His experimental film Without You was commissioned by Animate Projects for Channel 4 and Arts Council England. It screened at prominent film festivals and venues, including Clermont-Ferrand, Rotterdam, Tribeca (NYC), Onedotzero and the Tate Modern in London. Without You has gained a wide following since its appearance, including TV broadcasts in the UK and France/Canal+, and won the Cinephilia Best Experimental Film Award at the 2010 London Short Film Festival (ICA & Roxy, UK). A retrospective of Tal Rosner’s work was held at the Forum des Images in Paris, as part of the Nemo Festival in April 2009.
In 2010 Rosner’s seven-channel gallery installation Family Tree was launched at the Tenderpixel Gallery in London and screened at the Step09 Art Fair in Milan as one of five installations presented at the Leonardo da Vinci Museum of Science and Technology. The same year his work crossed over into the world of theater with a video projection for John Adams’ musical I Was Looking at the Ceiling and Then I Saw the Sky, which was commissioned by the Barbican London and Theatre Royal Stratford East.

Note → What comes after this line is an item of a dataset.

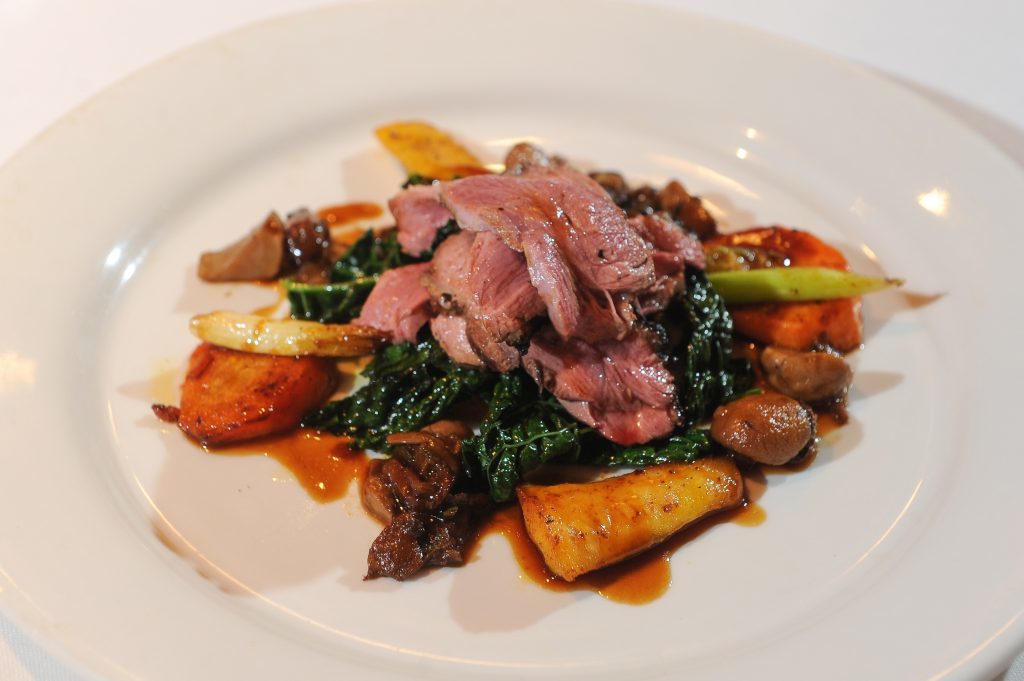 Main course - Roast Breat of Duck with Cavolo Nero Kale and Wild Mushroom Sauce.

Lachen Verlernt, his collaboration with Jennifer Koh and Esa-Pekka Salonen, toured film festivals and in January 2011 premiered as a live performance at the 92Y Festival in New York. It now continues on a world tour.
In January 2011 his short film Polaris – with music by Adès – inaugurated the Miami New World Symphony building designed by Frank Gehry. Chronograph, a digital art mural that he created in collaboration with American artist C.E.B. Reas, was commissioned for the opening of the same building.
Rosner recently created the film and animation element for a new ballet production for Sadler’s Wells, The Most Incredible Thing. The full-length dance work, featuring music by the Pet Shop Boys and direction/choreography by Javier De Frutos, premiered in London in March 2011.
Tal Rosner has also created visuals for commercial work for renowned brands, including Sony and Chanel.